If you have a Kindle 3 *3G+WiFi* could you please post the following:

First 4 characters of your serial number (B006/B00A). This can be found on the Kindle settings page
Colour of your Kindle
If you purchased from Amazon.com or Amazon.co.uk

Example:
Serial: B00A
Colour: Graphite
Country: UK

_Edit: Poll Added (ignoring colour as it seems irrelevant)_


----------



## NiLuJe (Jun 23, 2010)

B006: US/Intl 3G+WiFi
B008: US/Intl/UK WiFi
B00A: UK 3G+WiFi

The color doesn't change a thing.

(AFAICT. That seems to be confirmed by Amazon's 3.0.1 update page)


----------



## larryb52 (Nov 18, 2009)

B0006
graphite
wifi/3g


----------



## kcrady (Dec 17, 2009)

Serial: B006
Colour: Graphite
Country: USA


----------



## Kathy (Nov 5, 2008)

Serial: B006
Color: White
Country: USA


----------



## Omega Point (Jul 16, 2010)

From the replies so far it defiantly seems to be US/UK that makes the difference (thanks to those that posted/voted). Perhaps the use of Vodafone needed different firmware for some reason.


----------



## Prazzie (Oct 25, 2009)

Serial: B006
Colour: White
Country: US


----------



## SkierChick (Jul 30, 2010)

Serial: B008
Colour: Graphite
Country: US
WiFi


----------



## ken.w (Jul 30, 2010)

Serial: B008
Colour: Graphite
Country: USA
wifi


----------



## Sandpiper (Oct 28, 2008)

B006
White
USA


----------



## KayakerNC (Oct 7, 2009)

Serial: B006
Color: Graphite
Country: USA


----------



## Kindle Convert (Nov 8, 2008)

B006
Graphite
USA
3G + Wifi


----------



## vg (Oct 28, 2008)

Serial: B006
Color: Graphite
Country: USA

I've had none of the issues with my Kindle - after going through almost a dozen K2s to get one without sunfade or creaks I hope this one holds its own.  A little nervous about the slow page turning due to heat theory, but hoping it stays a non-issue.  I debated long and hard between the white and graphite, and have really become attached to my graphite.


----------



## Pushka (Oct 30, 2009)

B00A - graphite 3g, sent to Australia (from USA according to tracking notice)
B008 - graphite wifi - sent to Australia (from USA)
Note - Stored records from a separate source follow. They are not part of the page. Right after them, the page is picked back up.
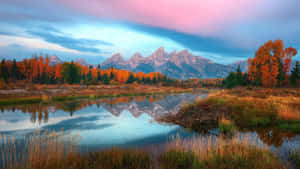 Crisp Autumn Air In A November Fall Wallpaper
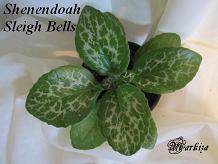  Shenendoah Sleigh Bells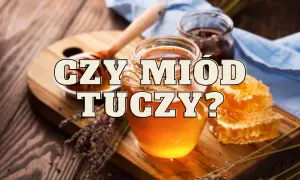 Czy miód tuczy? Odkryj prawdę o jego wpływie na wagę ciała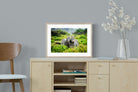 Pixalot ® Zebra Foliage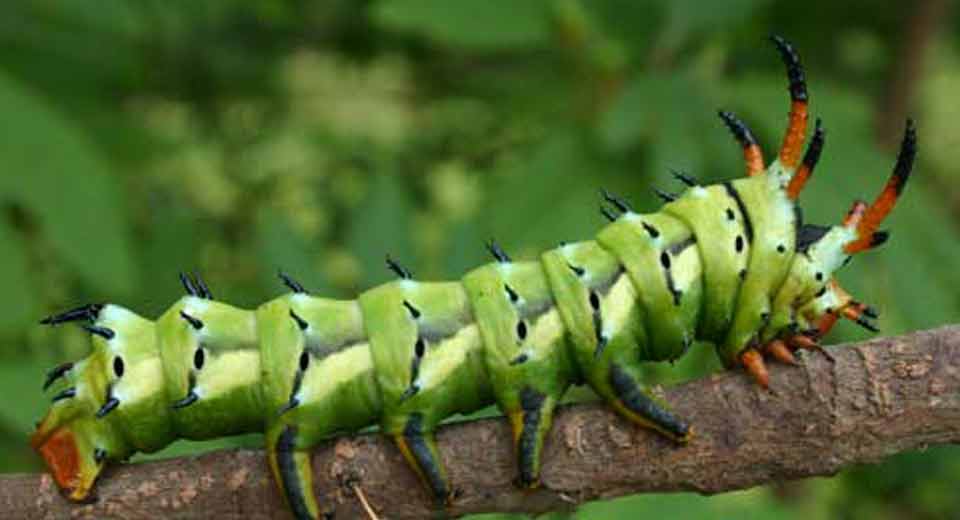 Hickory Horned Devil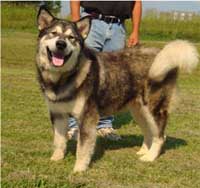 Hudsons Malamutes - Koyuk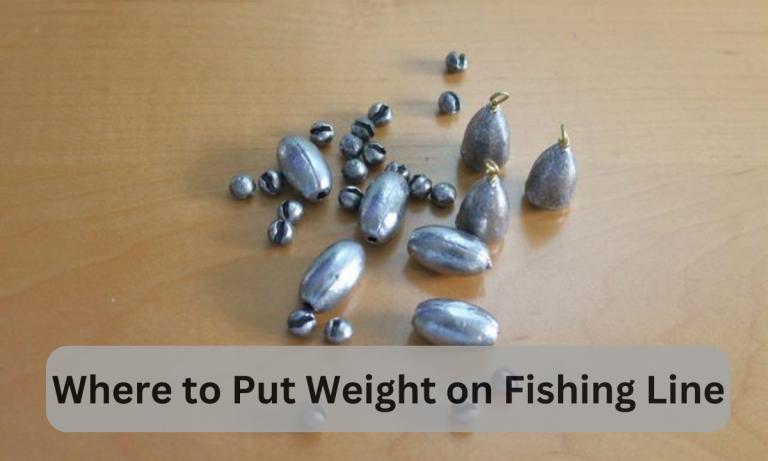 Where to Put Weight on Fishing Line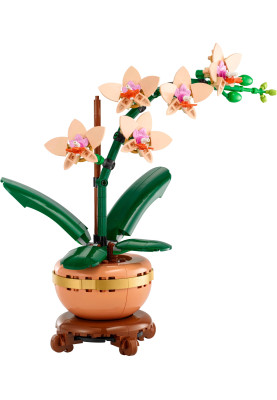 LEGO Конструктор Botanicals Міні орхідея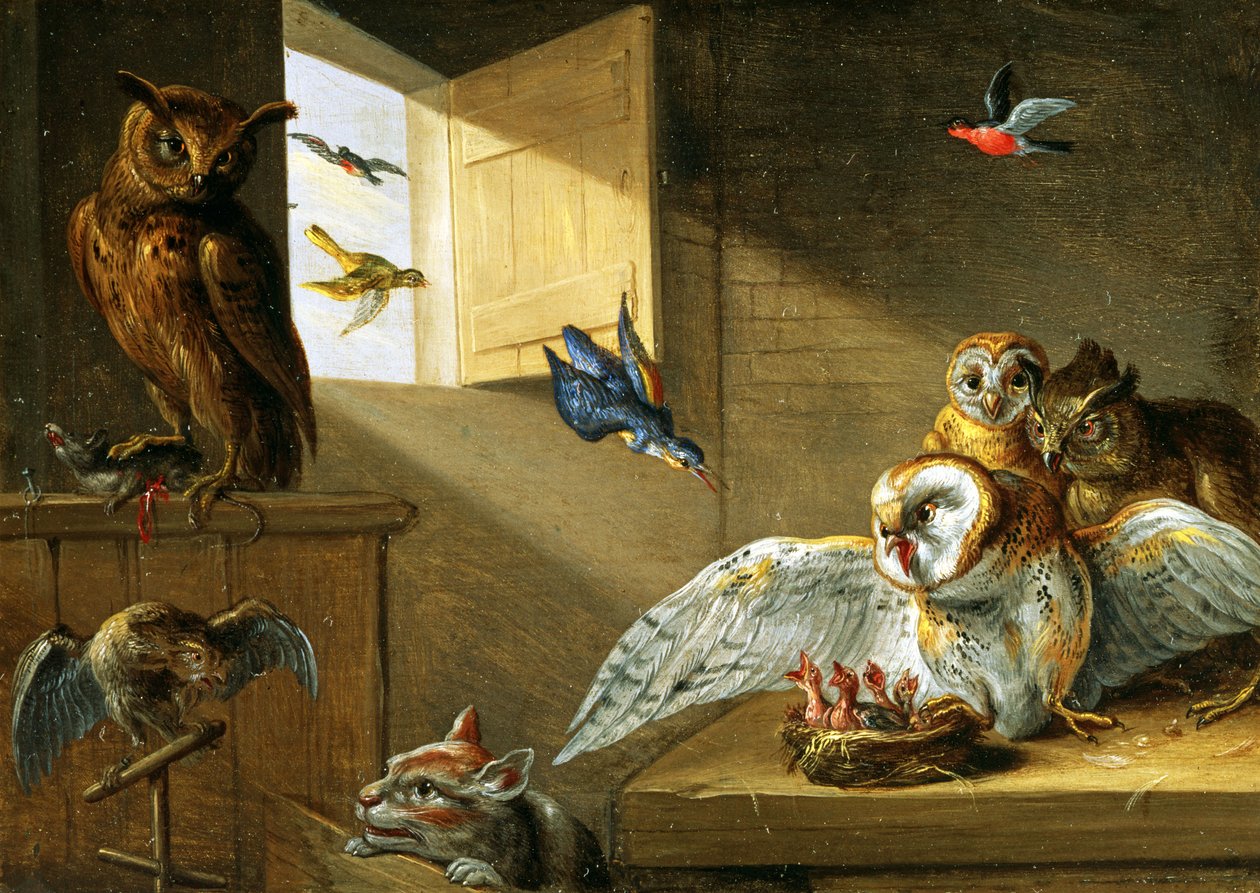 En familie av ugler, andre fugler og en katt (olje på kobber) av Jan van Kessel the Elder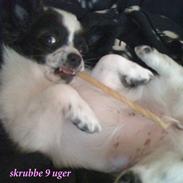 Papillon skrubbe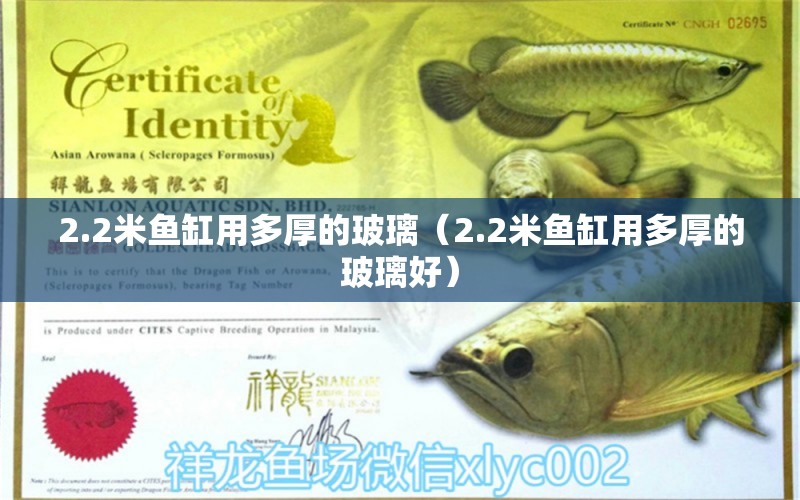 2.2米魚缸用多厚的玻璃（2.2米魚缸用多厚的玻璃好）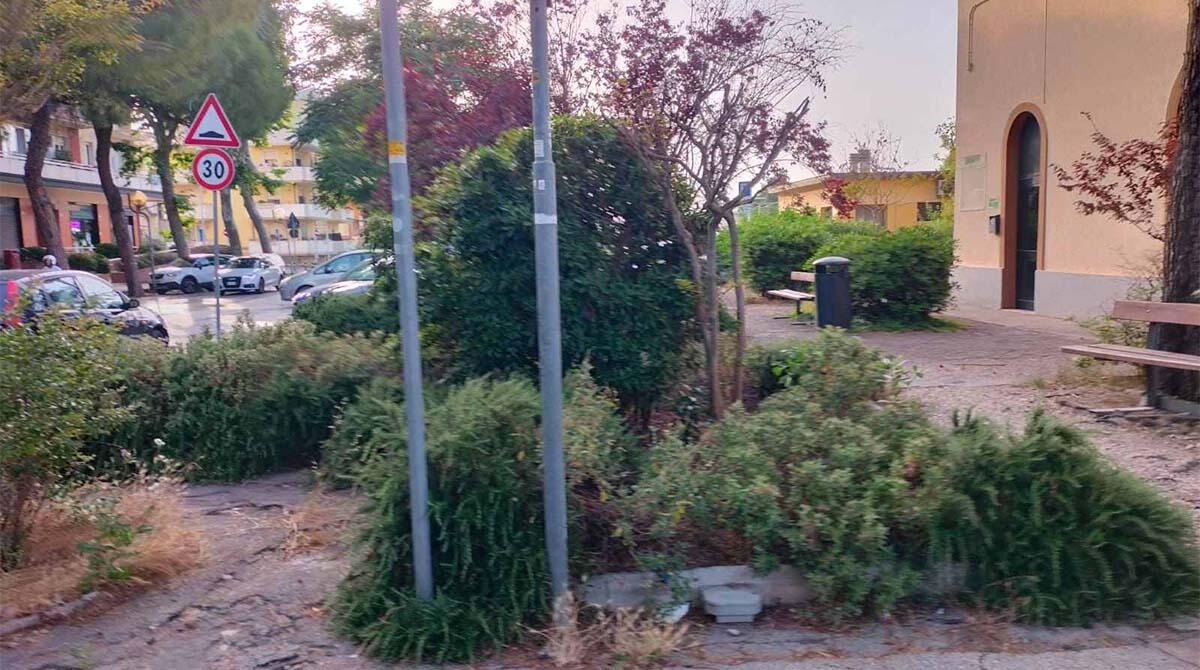 Degrado alla stazione ferroviaria di Viserba: "erbacce, rifiuti, senso di abbandono e immagine indecorosa per residenti e turisti" - Erba alta in zona stazione di Viserba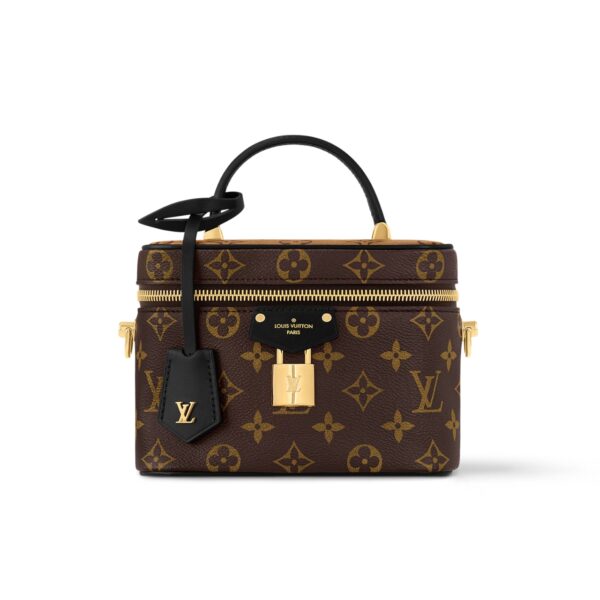 LOUIS VUITTON VANITY CHAIN POUCH MONOGRAM REVERSE BROWN 19CM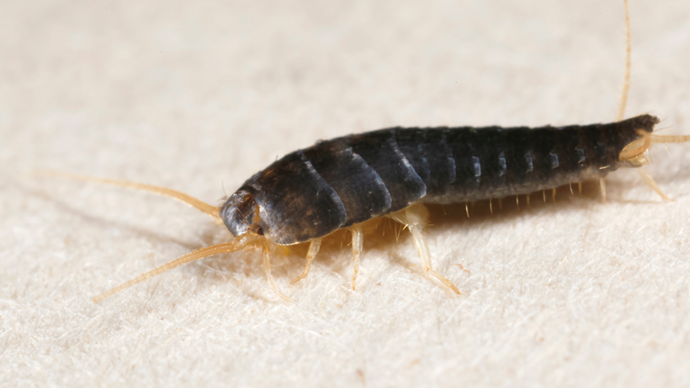 Residential Pest Control in Kansas City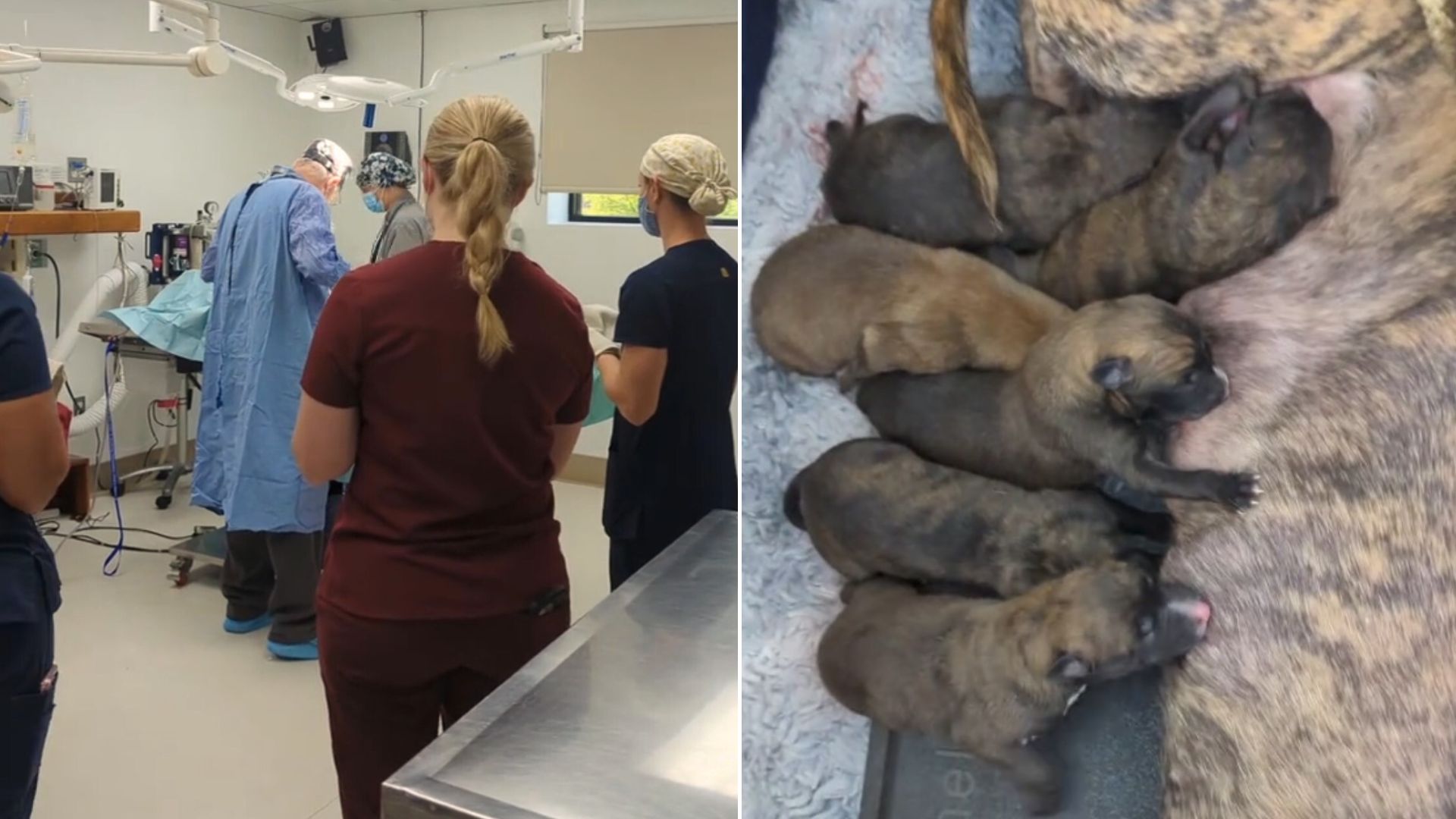 This Vet Team All Gathered Around The Table To Witness An Incredible Moment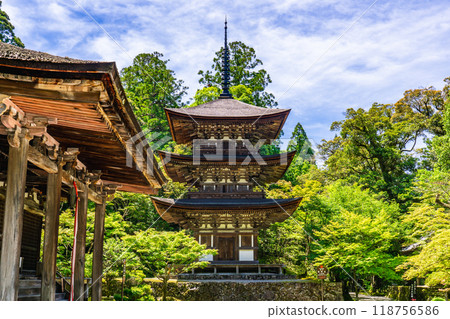 滋賀縣犬神郡高良町、西名寺（江東三山）、三層寶塔（國寶） 118756586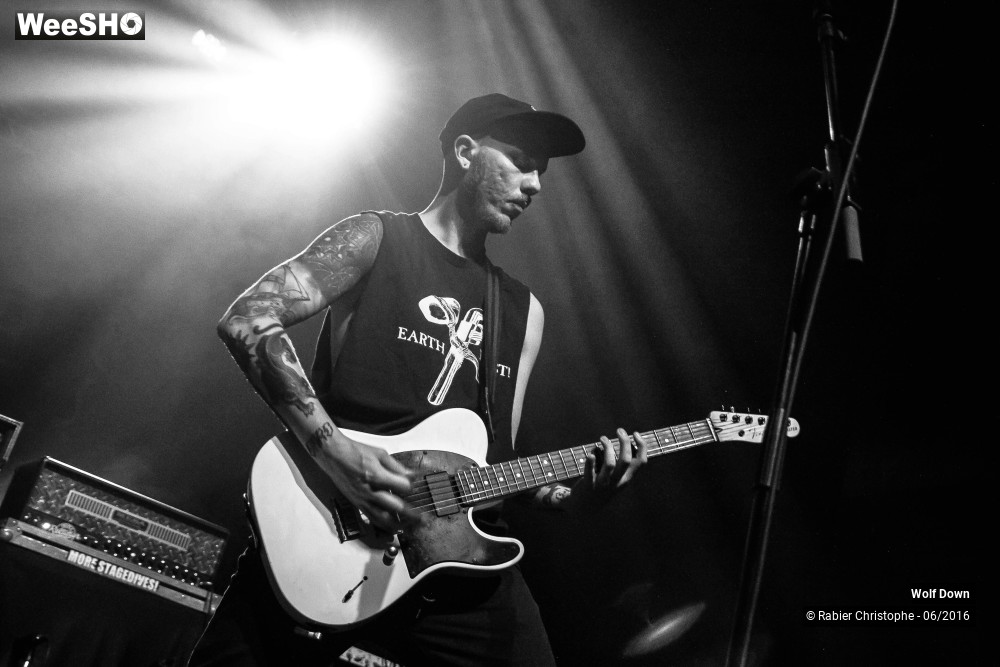 1/16 photos du spectacle Wolf  Down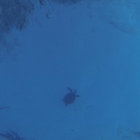 cOrb thumbnail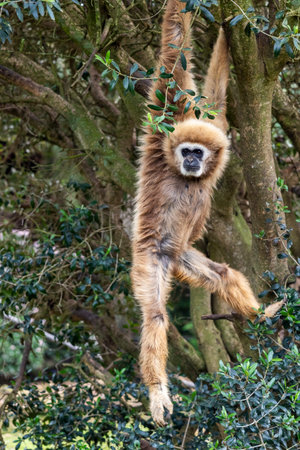 Close up view of a lar gibbon (Hylobates lar) in a zoo.の写真素材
Which means International 3G's all have 800A sn?


----------



## Prazzie (Oct 25, 2009)

What do you mean 800A? Is the 8 supposed to be a B? I have an international 3G and it's B006.


----------



## Seamonkey (Dec 2, 2008)

I was distracted and clicked the wrong choice so subtract one of those US purchased B00A and add in one US purchased 

B006A

Mines Wi-Fi and 3G Graphite

USA


----------



## sjc (Oct 29, 2008)

BOO6
USA
both: Graphite and White (OCD...still deciding which to keep & which to return)
WiFi + 3G


----------



## Pushka (Oct 30, 2009)

Pushka said:


> B00A - graphite 3g, sent to Australia (from USA according to tracking notice)
> B008 - graphite wifi - sent to Australia (from USA)
> 
> Which means International 3G's all have 800A sn?





Prazzie said:


> What do you mean 800A? Is the 8 supposed to be a B? I have an international 3G and it's B006.


Are you talking to me? My 3G Int K3 is B00A

Ah, my bad. My last sentence should have been B not 8, but the original number I gave was right.


----------



## Prazzie (Oct 25, 2009)

Yes, I was talking to you.   No problem, I was just confused. So we both have international 3G Kindles from the US, but yours is B00A and mine is B006. That's strange.


----------



## Tiersten (Sep 6, 2010)

B006 = US store - AT&T
B00A = UK store - Vodafone


----------



## DD (Nov 9, 2008)

B006
US purchased
3G + Wi-Fi


----------



## BruceS (Feb 7, 2009)

B006, US, Graphite, 3G


----------



## dimples (Jul 28, 2010)

Serial: B00A
Colour: Graphite
Country: US (but for international use within Europe)
3G + Wi-Fi


----------



## JaneD (May 11, 2010)

Serial: B006
Colour: Graphite
Country: USA
3G+Wifi


----------



## AuburnSky (Aug 26, 2010)

Mine isn't an option on the poll - B008 ... 8 is my favorite number so that's kind of cool!


----------



## Tiersten (Sep 6, 2010)

AuburnSky said:


> Mine isn't an option on the poll - B008 ... 8 is my favorite number so that's kind of cool!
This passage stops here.